*EXERCISE:*
Your job is to give again, exactly and with no additions, the lines in the records below from the one with "So first thing" through the one with "Number three: you", both included. Omit the pictures.
....................
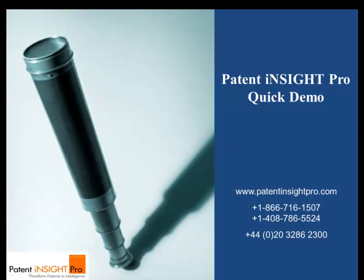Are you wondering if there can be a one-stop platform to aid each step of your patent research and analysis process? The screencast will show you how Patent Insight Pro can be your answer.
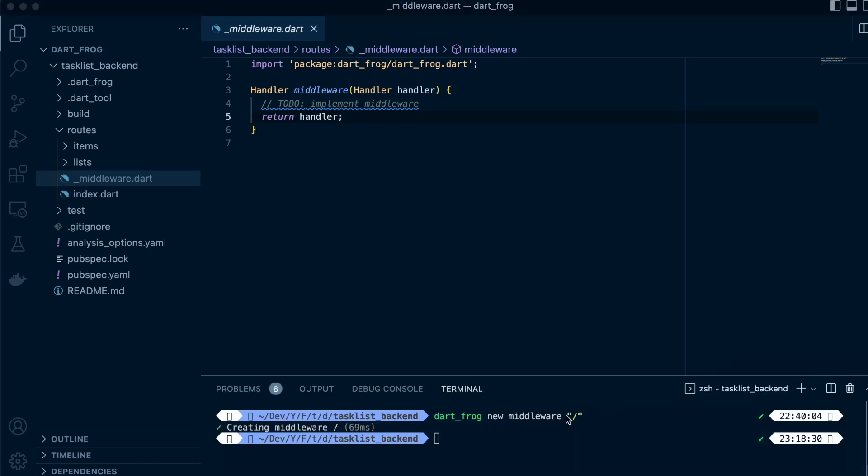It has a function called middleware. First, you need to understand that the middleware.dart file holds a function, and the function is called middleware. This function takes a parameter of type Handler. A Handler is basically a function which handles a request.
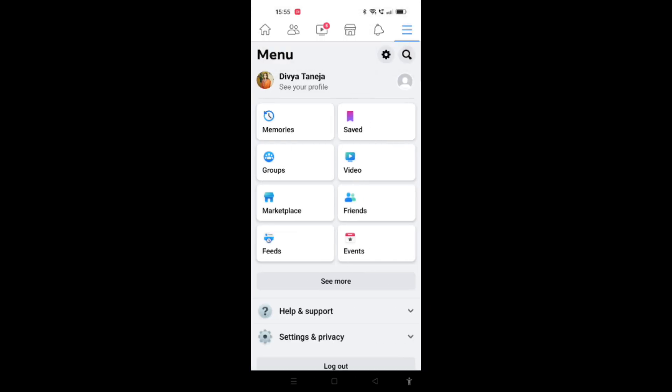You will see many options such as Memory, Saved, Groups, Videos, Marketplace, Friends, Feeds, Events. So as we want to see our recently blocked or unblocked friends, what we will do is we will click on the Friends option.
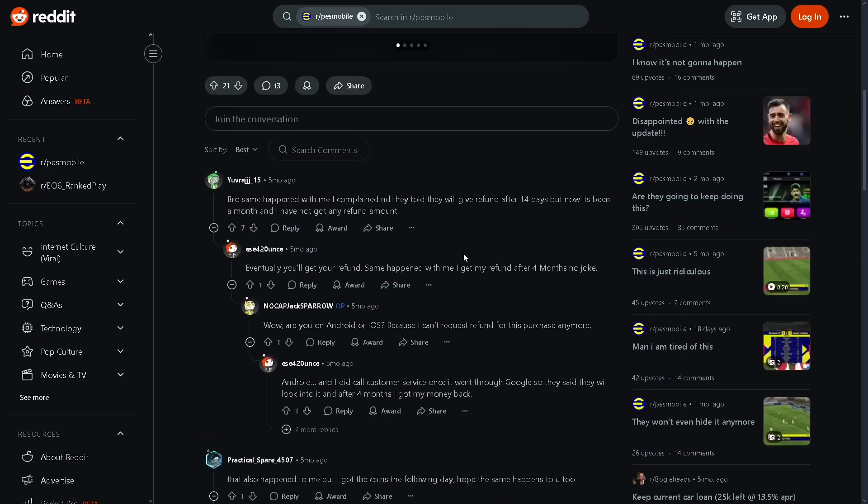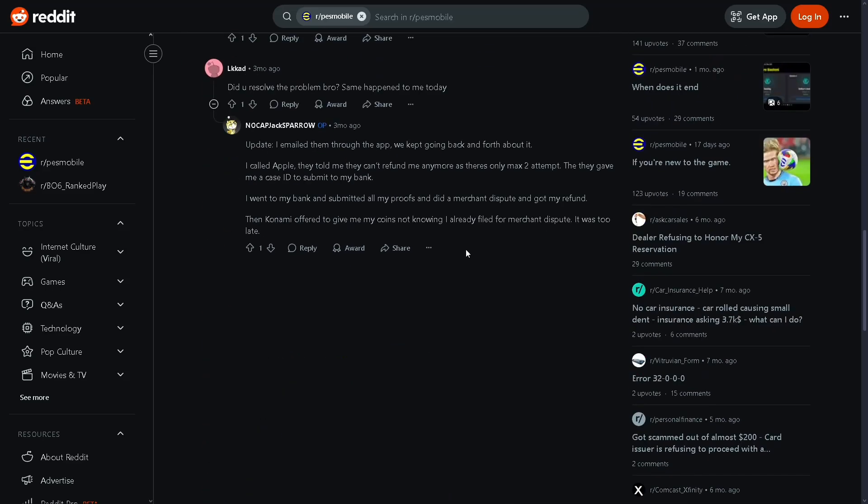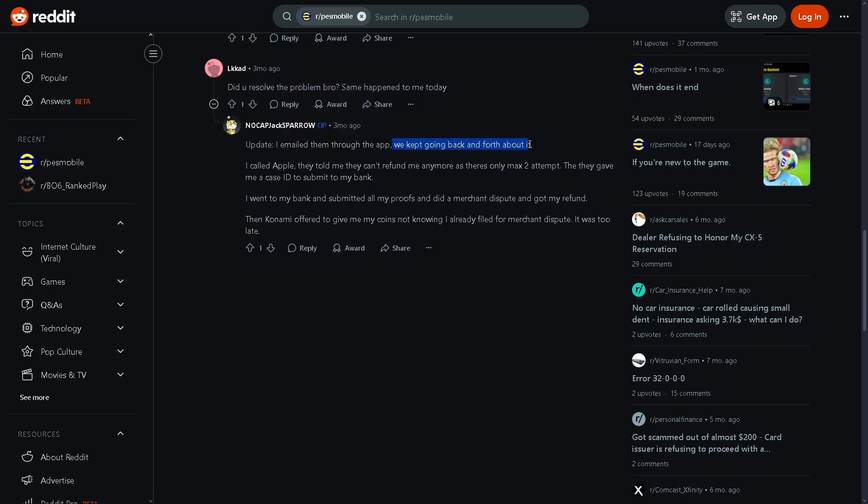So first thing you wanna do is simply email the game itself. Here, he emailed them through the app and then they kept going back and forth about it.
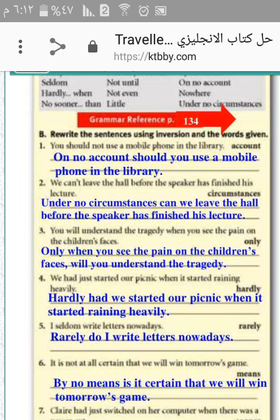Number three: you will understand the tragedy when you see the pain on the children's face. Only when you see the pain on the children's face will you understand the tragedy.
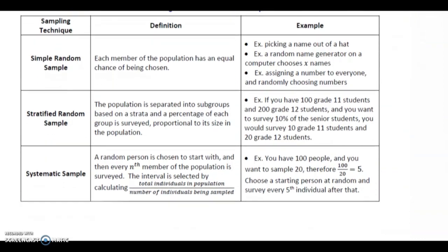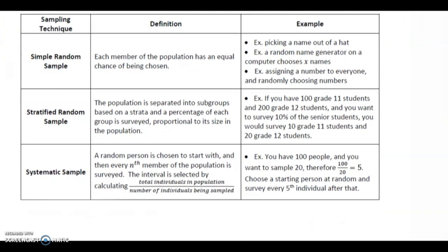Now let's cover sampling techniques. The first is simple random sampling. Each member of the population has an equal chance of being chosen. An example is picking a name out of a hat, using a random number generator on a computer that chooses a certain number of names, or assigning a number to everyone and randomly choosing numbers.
....................
*ANSWER TO THIS EXERCISE:*
So first thing you wanna do is simply email the game itself. Here, he emailed them through the app and then they kept going back and forth about it.
Number three: you will understand the tragedy when you see the pain on the children's face. Only when you see the pain on the children's face will you understand the tragedy.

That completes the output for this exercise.